[YOUR ASSIGNMENT]
Give back the lines of the entries below exactly as written, from the first line to the line holding "1750 Lake Cook Rd, Deerfield, IL Parcel Map", both included, with the pictures omitted.
*** Opening of RECORD EXCERPTS ***
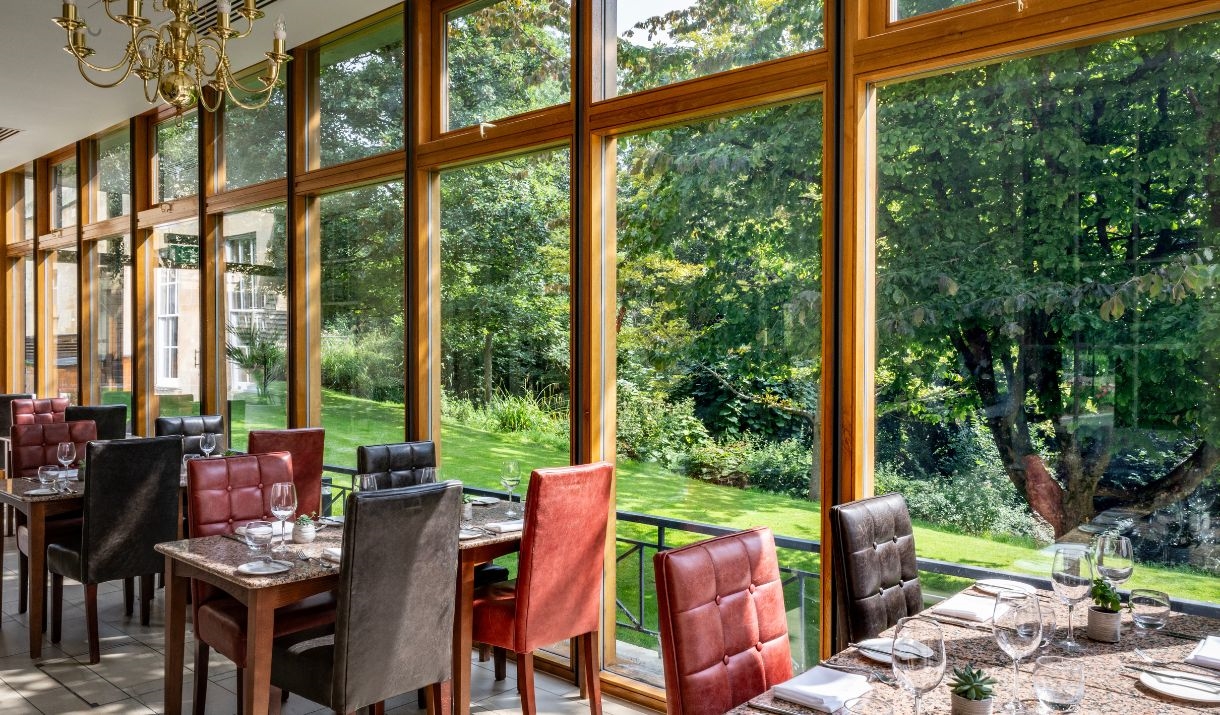 Restaurant at Bailbrook House Hotel
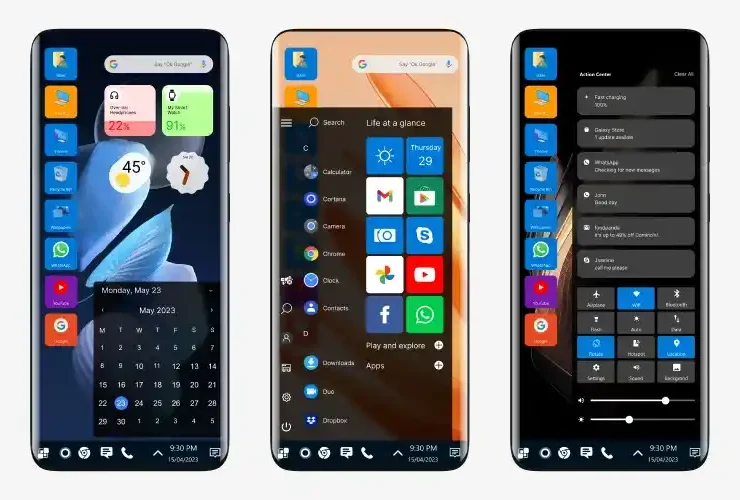 Win 11 Launcher MOD APK (Pro Unlocked)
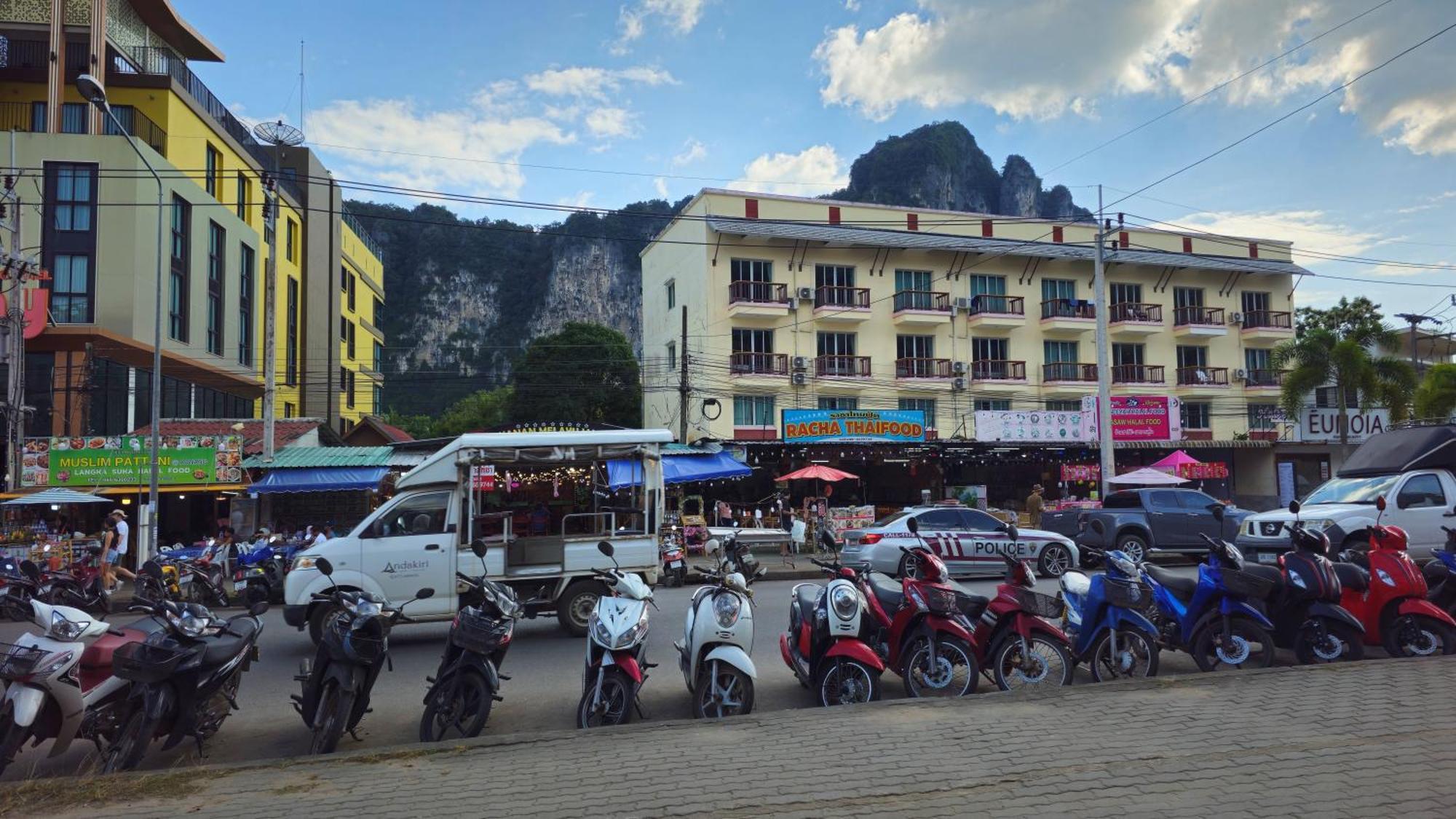 Hotel Aonang Goodwill Ao Nang Zewnętrze zdjęcie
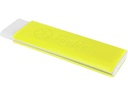 Läufer Radiergummi Pocket Gelb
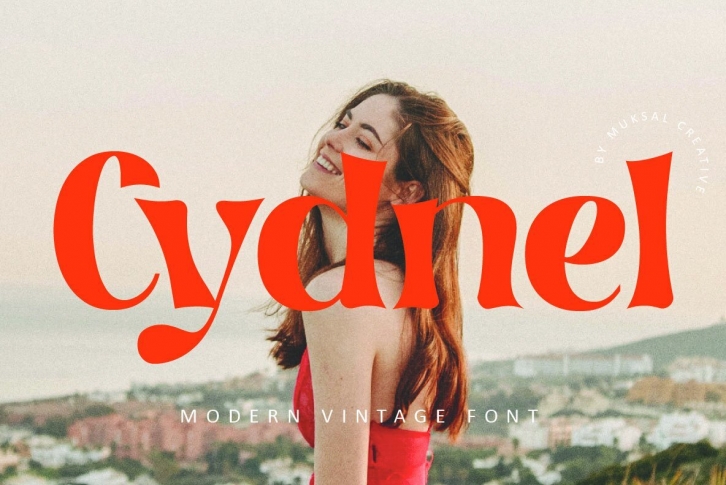 Cydnel Font Font Download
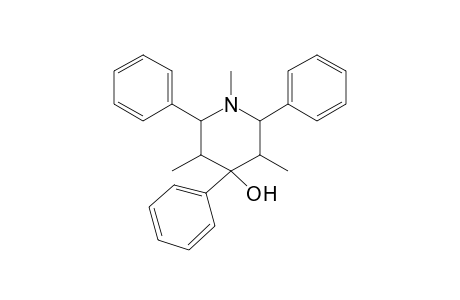 1,3,5-TRIMETHYL-2,4,6-TRIPHENYL-4-PIPERIDINOL, beta-FORM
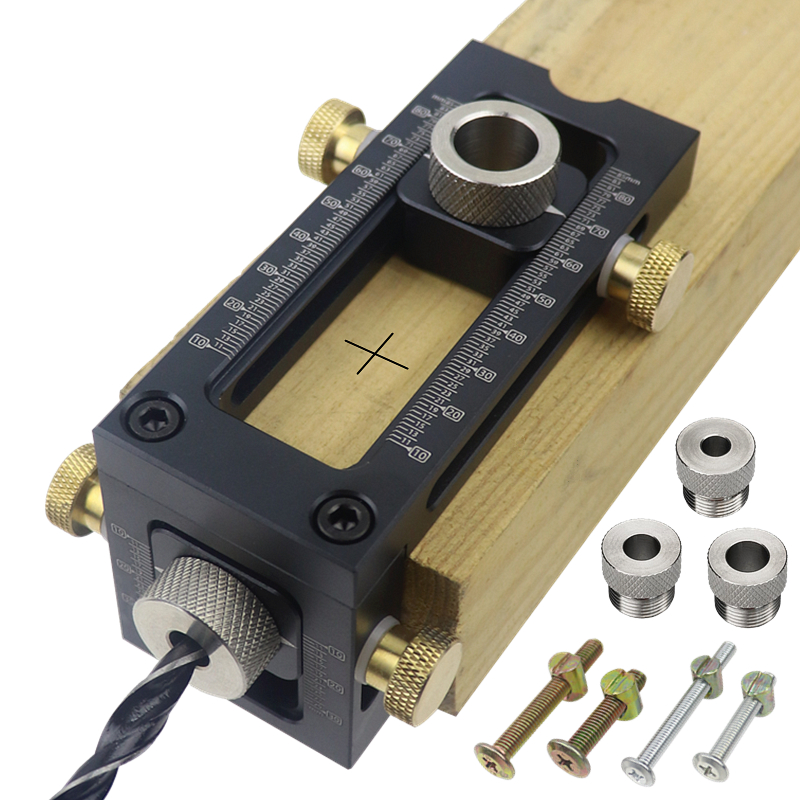 2 in 1 Doweling Jig Kit Drill  - مراجعة Power Tools Kids وسعره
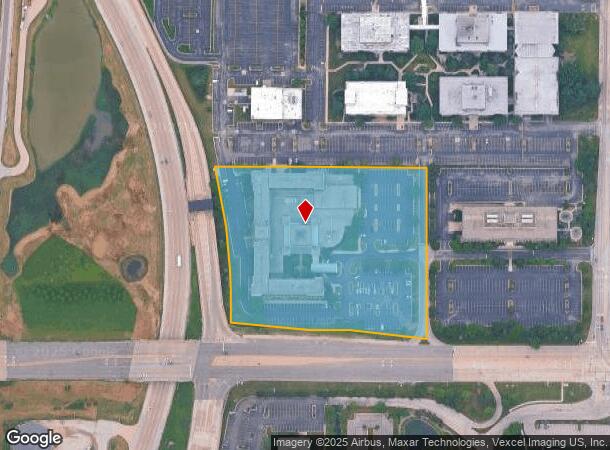 1750 Lake Cook Rd, Deerfield, IL Parcel Map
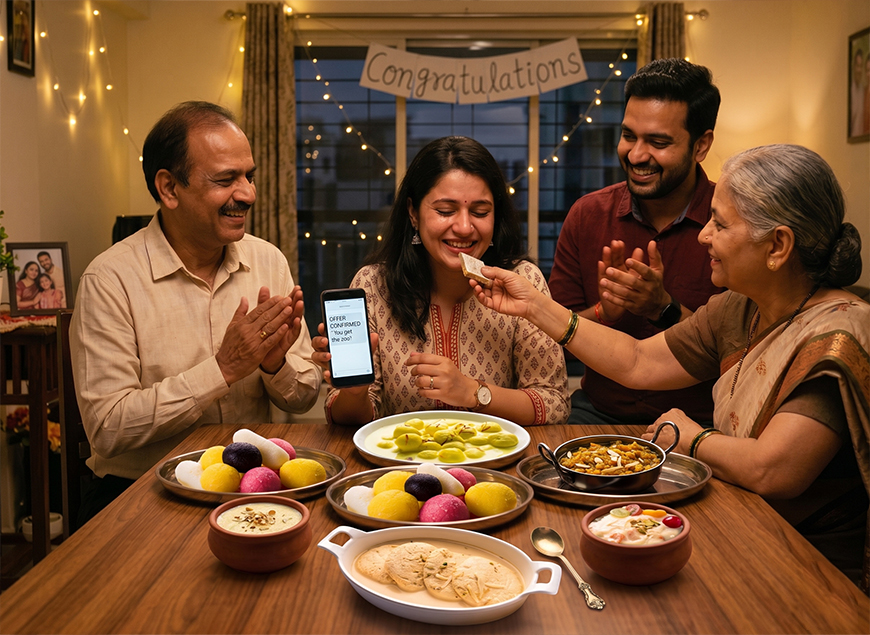 Celebrate Every Win, Big or Small, with Authentic Indian Sweets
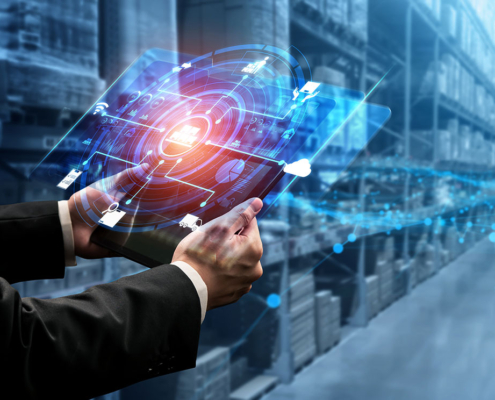 AI-in-Intralogistics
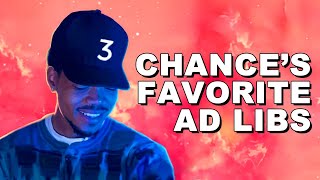 Chance the Rappers Favorite Ad Libs [upl. by Eynahpets]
*** Close of RECORD EXCERPTS ***
[EXPECTED ANSWER]
 Restaurant at Bailbrook House Hotel
 Win 11 Launcher MOD APK (Pro Unlocked)
 Hotel Aonang Goodwill Ao Nang Zewnętrze zdjęcie
 Läufer Radiergummi Pocket Gelb
 Cydnel Font Font Download
 1,3,5-TRIMETHYL-2,4,6-TRIPHENYL-4-PIPERIDINOL, beta-FORM
 2 in 1 Doweling Jig Kit Drill  - مراجعة Power Tools Kids وسعره
 1750 Lake Cook Rd, Deerfield, IL Parcel Map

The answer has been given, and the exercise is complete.